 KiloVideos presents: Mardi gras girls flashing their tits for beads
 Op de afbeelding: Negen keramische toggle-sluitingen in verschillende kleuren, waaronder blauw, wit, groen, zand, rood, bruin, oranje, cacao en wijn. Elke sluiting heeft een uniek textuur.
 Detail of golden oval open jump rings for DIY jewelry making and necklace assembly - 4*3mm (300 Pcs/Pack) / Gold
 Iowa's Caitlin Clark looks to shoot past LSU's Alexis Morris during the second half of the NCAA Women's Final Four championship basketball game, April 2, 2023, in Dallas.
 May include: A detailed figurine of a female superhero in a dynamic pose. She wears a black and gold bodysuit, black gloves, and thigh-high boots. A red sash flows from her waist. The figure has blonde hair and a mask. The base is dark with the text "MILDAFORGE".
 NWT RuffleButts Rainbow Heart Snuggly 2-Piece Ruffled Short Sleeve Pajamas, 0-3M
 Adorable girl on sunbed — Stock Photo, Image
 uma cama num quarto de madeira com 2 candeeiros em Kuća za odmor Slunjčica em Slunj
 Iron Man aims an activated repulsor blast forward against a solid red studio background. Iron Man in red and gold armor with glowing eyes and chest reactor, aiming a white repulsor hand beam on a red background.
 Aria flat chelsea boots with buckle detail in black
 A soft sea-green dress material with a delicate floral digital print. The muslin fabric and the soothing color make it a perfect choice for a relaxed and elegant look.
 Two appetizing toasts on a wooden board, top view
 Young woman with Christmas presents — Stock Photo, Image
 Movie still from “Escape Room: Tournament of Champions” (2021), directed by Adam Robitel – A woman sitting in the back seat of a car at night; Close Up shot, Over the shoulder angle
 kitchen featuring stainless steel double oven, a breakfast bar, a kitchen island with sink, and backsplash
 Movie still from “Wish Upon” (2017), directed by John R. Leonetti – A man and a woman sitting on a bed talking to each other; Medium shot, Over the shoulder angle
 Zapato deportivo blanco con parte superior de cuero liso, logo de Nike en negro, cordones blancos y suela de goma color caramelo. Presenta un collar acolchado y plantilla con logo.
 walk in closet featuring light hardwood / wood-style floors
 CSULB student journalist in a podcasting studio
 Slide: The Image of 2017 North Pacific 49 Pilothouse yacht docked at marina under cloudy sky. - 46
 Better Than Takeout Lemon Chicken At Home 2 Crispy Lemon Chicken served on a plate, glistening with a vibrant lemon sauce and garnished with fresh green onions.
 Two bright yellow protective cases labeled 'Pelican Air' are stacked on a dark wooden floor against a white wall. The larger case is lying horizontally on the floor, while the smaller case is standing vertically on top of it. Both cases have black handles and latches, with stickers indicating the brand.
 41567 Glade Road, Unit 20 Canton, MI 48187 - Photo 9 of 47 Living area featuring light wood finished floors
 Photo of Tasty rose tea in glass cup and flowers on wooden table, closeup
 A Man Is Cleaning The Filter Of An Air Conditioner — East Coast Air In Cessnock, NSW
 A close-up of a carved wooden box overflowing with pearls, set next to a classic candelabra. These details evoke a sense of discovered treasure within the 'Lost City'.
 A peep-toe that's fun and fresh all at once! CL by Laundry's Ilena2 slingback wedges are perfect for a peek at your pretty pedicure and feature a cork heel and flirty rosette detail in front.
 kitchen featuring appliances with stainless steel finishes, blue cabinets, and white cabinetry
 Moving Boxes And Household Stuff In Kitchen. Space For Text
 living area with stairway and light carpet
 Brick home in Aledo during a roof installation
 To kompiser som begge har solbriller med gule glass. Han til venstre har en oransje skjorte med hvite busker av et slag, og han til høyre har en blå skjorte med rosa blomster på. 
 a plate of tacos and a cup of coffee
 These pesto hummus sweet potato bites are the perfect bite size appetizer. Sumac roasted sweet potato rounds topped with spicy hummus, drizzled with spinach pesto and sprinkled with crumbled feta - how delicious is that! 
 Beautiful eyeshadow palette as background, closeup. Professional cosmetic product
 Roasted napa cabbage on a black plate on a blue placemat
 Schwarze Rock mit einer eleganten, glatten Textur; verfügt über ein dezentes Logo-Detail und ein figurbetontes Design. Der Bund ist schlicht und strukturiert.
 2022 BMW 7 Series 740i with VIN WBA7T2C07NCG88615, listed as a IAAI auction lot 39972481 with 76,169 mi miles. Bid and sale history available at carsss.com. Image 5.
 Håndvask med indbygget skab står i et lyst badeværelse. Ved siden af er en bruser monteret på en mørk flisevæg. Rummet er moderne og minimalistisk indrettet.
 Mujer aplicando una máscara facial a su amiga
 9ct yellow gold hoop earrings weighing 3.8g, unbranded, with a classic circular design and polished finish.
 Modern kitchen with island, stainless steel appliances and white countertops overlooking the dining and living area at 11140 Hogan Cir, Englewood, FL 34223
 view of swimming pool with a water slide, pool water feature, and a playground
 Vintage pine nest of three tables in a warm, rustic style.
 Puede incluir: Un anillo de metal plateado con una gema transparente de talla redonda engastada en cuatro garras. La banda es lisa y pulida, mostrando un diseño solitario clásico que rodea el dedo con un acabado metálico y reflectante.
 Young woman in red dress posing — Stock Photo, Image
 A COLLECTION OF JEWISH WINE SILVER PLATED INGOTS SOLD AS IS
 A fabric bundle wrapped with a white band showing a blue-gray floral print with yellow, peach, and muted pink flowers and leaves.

WHAT THE TASK ASKS:
Copy each line above where "background" appears.

WRITTEN ANSWER:
 Iron Man aims an activated repulsor blast forward against a solid red studio background. Iron Man in red and gold armor with glowing eyes and chest reactor, aiming a white repulsor hand beam on a red background.
 Beautiful eyeshadow palette as background, closeup. Professional cosmetic product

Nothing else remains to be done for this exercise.